Note: This article was first published on 11 Feb 2020.
"A hundred and eight megapixels. One - hundred - and - freaking - EIGHT!"
At first slow, deliberate, and deliberately sarcastic, he suddenly spat out the last word.
"So tell me, which high fashion brands have signed you up so far, huh? Spring/summer collection, huh? Going Paris and Milan? This is hilarious, Luke!" he guffawed, taking a drag on his cigarette while he flipped the phone back and forth in his hands.
Not once did my professional-photographer friend even attempt to turn it on, let alone take a test shot.
As you will recall, dear reader, the moment we got our hands on an export set of the Xiaomi Mi Note 10 (and later on, the 10 Pro), we were among the first in Singapore to post images before the official launch a couple of days later.
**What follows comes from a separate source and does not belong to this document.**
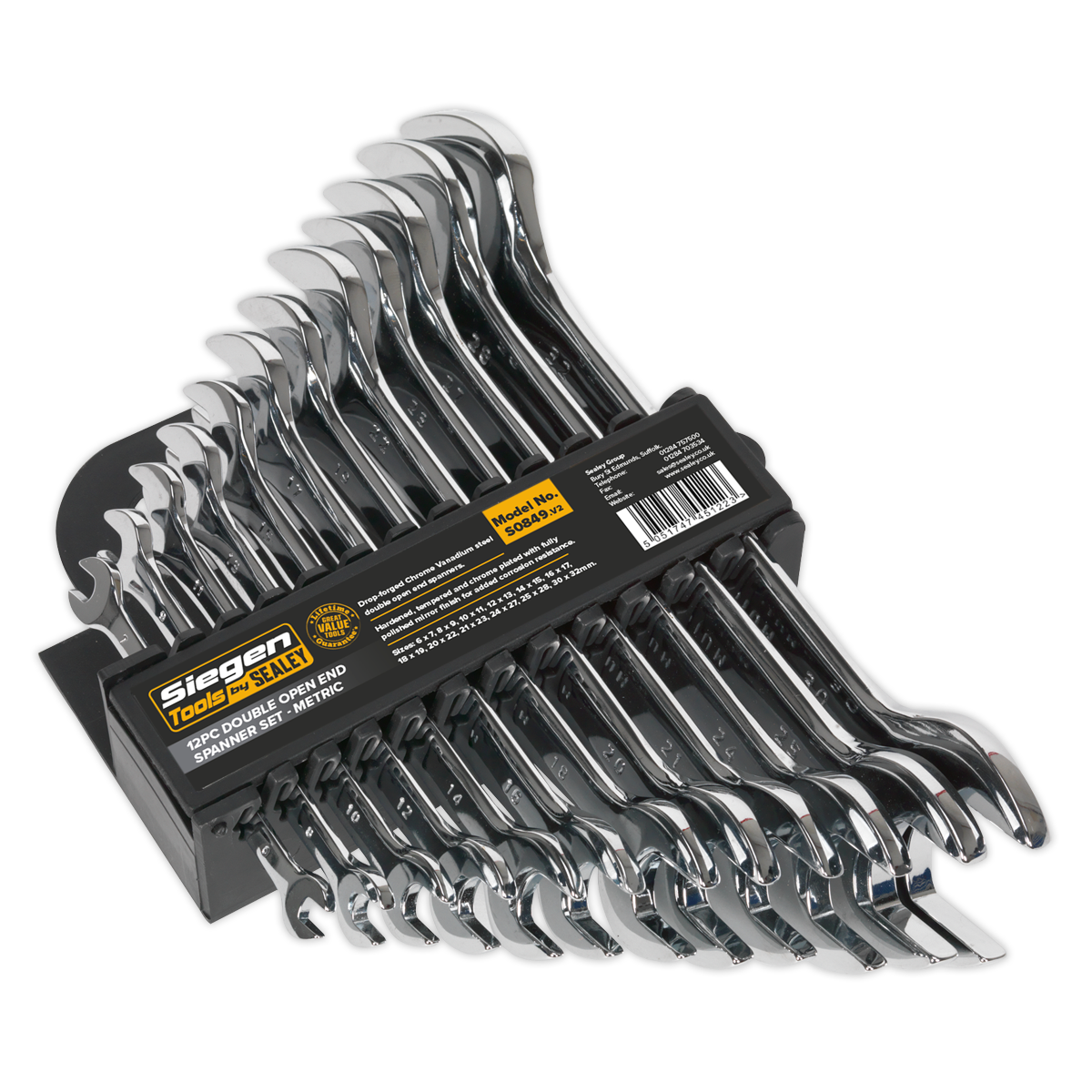 Siegen S0849 Double Open-End Spanner Set 12pc Metric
Since then, the usual "what's that phone you're testing now ah?" has garnered very extreme reactions across the entire spectrum, from surprise to disdain, the moment its 108-megapixel camera is discussed.
But a lot of the hullabaloo surrounding it has since died down. With Samsung rumoured to be using an improved version of this same sensor in its upcoming Galaxy S20, has the Mi Note 10 managed to whet our appetite for more jaw-dropping smartphone cameras to come - or only left a sour taste in our mouths?
With my own export-set Mi Note 10 in hand, I convinced a friend to get a 10 Pro and to loan it to me for the purpose of this review. Hey ho, let's go!
(Quick note: In this review, "Mi Note 10" refers both to the 10 and the 10 Pro unless otherwise stated.)
Maybe it's true that there's no more room for innovation in phone design. Maybe it's also true that Chinese makers find it safer to build something people have already gotten used to from someone else. The Mi Note 10 is yet another one of these unashamed clones, this time of the Huawei P30 Pro, and who can say whether that's for the best?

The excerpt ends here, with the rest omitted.